Blok Rokan pada masa kejayaannya di 1973, produksi minyaknya hampir mencapai 1 juta bph. Namun, produksi blok migas ini terus turun seiring berjalannya waktu. Di 2011, Blok Rokan masih menghasilkan minyak sekitar 356,98 ribu bph atau berkontribusi 39,56% dari total produksi minyak nasional saat itu 902,35 bph.
Namun mengacu data SKK Migas, di akhir September lalu, lifting minyak blok ini hanya 192.193 bph atau 25,8% dari total lifting minyak nasional 744.700 bph. Pemerintah telah menetapkan Pertamina sebagai operator Blok Rokan pasca kontrak eksistingnya berakhir pada 2021 nanti pada Juli tahun 2018 lalu. Namun, kontrak PSC Blok Rokan untuk periode setelah 2021, baru saja ditandatangani oleh Pertamina pada Mei tahun 2019. Proses transisi pengelolaan Blok Rokan baru saja beroperasi pasca kontrak baru ditandatangani.
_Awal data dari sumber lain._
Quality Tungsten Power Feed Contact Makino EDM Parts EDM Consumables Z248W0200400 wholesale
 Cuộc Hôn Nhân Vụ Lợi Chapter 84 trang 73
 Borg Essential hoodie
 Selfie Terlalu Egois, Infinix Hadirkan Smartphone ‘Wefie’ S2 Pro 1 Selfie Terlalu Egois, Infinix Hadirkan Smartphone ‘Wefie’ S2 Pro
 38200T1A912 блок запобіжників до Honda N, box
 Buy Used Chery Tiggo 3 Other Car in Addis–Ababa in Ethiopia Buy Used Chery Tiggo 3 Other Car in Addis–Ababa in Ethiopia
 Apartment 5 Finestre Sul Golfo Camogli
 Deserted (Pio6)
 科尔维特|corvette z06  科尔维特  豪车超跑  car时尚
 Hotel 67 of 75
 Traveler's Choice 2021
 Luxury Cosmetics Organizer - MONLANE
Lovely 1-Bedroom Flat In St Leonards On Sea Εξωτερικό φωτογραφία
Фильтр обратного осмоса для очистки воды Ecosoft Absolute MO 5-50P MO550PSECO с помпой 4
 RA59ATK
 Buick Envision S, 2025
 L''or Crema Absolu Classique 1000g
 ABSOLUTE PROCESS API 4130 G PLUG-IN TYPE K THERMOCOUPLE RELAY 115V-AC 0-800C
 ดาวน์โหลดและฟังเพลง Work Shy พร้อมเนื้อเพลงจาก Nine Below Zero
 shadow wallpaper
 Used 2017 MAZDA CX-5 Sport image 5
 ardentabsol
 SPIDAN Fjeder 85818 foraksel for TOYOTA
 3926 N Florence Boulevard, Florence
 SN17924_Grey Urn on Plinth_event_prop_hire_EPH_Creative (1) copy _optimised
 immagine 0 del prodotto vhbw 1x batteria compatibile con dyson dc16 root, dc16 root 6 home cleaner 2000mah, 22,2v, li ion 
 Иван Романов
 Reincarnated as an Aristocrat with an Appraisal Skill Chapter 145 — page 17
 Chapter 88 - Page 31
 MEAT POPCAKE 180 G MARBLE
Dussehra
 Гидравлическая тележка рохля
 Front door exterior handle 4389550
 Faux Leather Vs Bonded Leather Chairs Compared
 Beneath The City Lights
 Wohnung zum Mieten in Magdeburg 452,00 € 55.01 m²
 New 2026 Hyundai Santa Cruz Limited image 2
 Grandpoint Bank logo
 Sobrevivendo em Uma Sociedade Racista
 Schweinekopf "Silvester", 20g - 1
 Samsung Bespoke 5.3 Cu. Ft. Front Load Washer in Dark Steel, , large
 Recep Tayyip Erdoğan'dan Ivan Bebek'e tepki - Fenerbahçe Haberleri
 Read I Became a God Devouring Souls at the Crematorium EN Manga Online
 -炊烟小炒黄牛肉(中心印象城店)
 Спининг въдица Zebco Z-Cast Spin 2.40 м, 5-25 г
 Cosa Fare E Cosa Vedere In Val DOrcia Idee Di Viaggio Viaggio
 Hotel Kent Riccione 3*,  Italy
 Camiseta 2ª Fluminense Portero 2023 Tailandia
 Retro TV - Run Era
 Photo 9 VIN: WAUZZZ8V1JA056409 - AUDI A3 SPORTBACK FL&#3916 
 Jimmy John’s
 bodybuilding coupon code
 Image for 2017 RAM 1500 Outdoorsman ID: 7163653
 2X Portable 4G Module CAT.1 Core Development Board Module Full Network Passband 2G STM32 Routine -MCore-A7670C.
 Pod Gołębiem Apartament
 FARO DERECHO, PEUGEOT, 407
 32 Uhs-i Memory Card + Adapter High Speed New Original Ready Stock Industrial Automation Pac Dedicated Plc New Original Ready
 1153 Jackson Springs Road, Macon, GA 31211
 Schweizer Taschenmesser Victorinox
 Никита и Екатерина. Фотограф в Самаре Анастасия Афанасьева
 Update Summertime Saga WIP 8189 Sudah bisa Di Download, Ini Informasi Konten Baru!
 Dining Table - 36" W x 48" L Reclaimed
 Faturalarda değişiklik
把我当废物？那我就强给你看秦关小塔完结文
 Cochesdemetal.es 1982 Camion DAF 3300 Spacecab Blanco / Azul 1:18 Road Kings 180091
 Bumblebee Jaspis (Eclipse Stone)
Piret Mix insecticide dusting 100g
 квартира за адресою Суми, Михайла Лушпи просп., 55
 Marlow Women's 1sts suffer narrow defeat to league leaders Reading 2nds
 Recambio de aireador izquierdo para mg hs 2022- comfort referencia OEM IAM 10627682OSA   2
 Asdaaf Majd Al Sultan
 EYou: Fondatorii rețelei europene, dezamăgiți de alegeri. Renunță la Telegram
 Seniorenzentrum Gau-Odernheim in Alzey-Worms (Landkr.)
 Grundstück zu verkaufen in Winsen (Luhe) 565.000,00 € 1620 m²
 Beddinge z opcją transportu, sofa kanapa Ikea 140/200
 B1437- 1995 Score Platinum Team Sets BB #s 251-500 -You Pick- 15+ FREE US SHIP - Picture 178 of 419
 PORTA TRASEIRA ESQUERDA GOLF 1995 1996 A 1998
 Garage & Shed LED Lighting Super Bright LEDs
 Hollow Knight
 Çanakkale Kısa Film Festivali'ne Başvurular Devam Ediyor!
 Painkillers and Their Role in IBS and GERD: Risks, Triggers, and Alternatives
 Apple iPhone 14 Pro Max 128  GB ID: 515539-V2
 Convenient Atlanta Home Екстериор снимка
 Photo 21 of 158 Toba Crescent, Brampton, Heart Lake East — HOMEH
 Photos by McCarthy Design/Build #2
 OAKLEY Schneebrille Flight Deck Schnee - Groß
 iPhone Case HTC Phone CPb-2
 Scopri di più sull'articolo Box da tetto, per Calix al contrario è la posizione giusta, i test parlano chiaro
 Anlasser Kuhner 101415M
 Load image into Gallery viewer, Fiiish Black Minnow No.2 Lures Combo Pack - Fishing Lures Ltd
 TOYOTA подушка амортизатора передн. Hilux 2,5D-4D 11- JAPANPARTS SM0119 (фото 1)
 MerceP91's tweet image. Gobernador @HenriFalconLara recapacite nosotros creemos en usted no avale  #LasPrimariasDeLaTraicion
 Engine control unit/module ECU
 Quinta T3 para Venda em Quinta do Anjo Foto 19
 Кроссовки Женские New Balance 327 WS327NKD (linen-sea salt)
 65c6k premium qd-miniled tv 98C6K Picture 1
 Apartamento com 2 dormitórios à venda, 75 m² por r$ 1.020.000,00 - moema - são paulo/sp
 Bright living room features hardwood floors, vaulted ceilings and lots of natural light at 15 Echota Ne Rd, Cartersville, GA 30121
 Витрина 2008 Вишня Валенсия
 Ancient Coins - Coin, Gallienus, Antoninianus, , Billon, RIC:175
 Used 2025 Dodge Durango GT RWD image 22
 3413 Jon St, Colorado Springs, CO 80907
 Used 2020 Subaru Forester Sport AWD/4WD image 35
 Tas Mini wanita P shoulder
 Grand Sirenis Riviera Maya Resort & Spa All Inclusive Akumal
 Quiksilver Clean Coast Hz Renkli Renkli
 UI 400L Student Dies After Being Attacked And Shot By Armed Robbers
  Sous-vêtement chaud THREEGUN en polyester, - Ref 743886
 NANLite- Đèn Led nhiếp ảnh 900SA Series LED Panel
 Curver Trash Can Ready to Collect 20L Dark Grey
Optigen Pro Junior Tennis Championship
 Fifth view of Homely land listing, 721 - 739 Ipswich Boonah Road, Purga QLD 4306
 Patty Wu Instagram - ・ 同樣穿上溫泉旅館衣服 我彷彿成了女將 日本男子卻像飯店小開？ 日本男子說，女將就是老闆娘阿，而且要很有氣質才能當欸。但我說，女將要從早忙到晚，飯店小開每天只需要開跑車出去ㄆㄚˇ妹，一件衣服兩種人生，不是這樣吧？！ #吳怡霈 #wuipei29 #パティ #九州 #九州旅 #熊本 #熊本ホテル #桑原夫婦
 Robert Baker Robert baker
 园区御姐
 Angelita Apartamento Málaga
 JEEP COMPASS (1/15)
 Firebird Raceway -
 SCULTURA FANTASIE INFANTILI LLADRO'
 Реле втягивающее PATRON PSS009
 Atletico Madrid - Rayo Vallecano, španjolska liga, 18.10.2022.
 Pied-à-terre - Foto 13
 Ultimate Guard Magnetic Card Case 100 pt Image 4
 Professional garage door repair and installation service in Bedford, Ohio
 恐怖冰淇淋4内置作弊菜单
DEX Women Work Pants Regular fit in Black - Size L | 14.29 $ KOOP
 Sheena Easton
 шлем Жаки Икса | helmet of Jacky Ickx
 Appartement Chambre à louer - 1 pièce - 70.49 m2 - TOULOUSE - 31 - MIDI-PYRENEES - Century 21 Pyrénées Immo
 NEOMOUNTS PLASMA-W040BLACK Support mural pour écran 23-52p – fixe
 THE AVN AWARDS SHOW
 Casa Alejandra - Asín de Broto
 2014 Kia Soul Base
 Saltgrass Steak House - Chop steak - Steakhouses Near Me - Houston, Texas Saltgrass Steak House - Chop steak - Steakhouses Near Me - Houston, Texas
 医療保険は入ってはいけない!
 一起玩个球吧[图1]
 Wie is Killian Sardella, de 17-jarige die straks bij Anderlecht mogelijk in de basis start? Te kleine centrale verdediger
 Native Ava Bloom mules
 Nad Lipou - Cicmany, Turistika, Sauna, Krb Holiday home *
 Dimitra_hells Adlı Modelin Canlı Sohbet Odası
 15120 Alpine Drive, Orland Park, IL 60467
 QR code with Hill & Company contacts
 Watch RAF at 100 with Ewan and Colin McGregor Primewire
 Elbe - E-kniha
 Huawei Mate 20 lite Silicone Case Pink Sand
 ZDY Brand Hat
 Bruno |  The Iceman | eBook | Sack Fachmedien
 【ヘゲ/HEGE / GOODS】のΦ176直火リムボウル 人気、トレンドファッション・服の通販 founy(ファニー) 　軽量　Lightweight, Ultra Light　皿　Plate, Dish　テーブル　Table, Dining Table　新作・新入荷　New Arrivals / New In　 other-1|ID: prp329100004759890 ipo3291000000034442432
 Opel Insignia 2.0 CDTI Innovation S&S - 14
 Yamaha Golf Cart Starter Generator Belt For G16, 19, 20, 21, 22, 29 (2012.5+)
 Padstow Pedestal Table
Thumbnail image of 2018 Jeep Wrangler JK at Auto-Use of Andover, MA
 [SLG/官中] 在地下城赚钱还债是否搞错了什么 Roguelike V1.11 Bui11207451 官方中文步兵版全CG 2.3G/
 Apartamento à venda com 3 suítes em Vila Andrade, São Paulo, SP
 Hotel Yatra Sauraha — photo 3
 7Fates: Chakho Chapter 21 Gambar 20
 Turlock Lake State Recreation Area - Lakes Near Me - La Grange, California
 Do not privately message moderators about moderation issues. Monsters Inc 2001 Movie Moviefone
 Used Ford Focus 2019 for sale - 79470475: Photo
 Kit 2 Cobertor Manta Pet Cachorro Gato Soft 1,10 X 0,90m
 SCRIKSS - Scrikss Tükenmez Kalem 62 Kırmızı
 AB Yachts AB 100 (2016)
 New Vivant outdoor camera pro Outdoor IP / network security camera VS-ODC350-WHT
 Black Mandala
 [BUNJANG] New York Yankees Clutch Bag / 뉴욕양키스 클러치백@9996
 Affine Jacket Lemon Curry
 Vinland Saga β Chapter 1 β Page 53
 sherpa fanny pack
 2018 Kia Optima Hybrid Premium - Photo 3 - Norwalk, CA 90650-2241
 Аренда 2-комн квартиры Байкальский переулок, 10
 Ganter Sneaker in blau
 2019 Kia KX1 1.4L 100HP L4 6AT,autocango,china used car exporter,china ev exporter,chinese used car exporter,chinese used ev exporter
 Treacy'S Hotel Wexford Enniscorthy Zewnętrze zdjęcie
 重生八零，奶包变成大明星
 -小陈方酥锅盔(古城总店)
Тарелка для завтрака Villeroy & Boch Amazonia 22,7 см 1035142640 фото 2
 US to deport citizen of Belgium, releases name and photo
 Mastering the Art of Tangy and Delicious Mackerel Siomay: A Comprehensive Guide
Mengacu kontrak baru ini, Pertamina memiliki komitmen kerja pasti (KKP) untuk lima tahun pertama di Blok Rokan senilai US$ 500 juta atau sekitar Rp 7,2 triliun. Beberapa kegiatan yang akan didanai dengan KKP ini yakni studi EOR senilai US$ 4 juta, pengeboran 11 sumur eksplorasi US$ 69,8 juta, pengeboran lima sumur Telisa US$ 18,1 juta, stage-1 CEOR 7 pattern US$ 247 juta, dan stage-1 steam flood Kulin atau Rantau Bais US$ 88,6 juta.